Video transcript & code
The other day the public RubyTapas website went down. Which meant I had to go and fix it, because unlike the third party service that powers subscriptions, the public site is all mine.
Naturally, the first place I turned was the site logs. I have all the site logs sent to a service that specializes in collecting and analyzing logs.
The stack traces from crashes were obvious enough. I could see from the traces that something was going wrong with the process that grabs video thumbnails from an external service.
As I looked at these logs, I kept seeing something else: a single older episode that kept having its video information reloaded over and over again. So I spent a long time fiddling around in a server console, trying to figure out what was wrong with that episode.
I added a bunch of extra debug logging, and updated the site. I was able to see a lot more about what was happening, but I still couldn't work out why that episode was causing trouble.
Finally, I decided to look at the logs from beginning to end. And then I finally discovered the problem: the very latest episode had an abnormal thumbnail URL which was causing an exception. When I went to look at the video hosting site, sure enough: something had gone wrong in the uploading or processing of that video, and there was no video and no thumbnail.
And the episode that kept loading over and over? That was an unrelated, relatively benign bug, that I'd either failed to notice earlier, or forgotten about.
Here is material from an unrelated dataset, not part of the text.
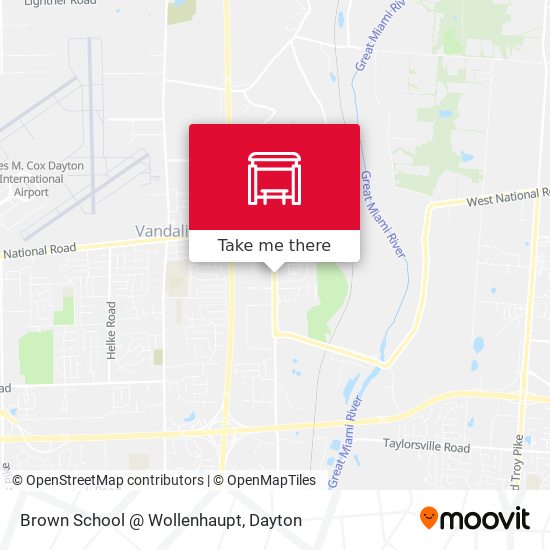 Brown School @ Wollenhaupt map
After I get to the root of a failure, I always like to take a step back and think about what I could have done differently to find the problem faster. In this case, I realized that I'd failed to apply one of the fundamental rules of debugging: always start by asking "what was the last thing to change?"
Often, when we think about the last thing to change, we think only of code changes. But changes can come in many forms: not only can they come in the form of source code updates, they can come from the database, from outside data feeds, or from updated dependencies. In this case, it was an update to the data coming in from an external site: a new episode that had malformed attributes.
The lesson I took from this experience is that while logs are indispensable, I'm too easily sidetracked by anomalies in that data. Just because something looks wrong doesn't mean it's related to the bug I'm currently tracking down. I need to remember that nine times out of ten, the last thing to change is the source of the failure.
And that's it for today. Happy hacking!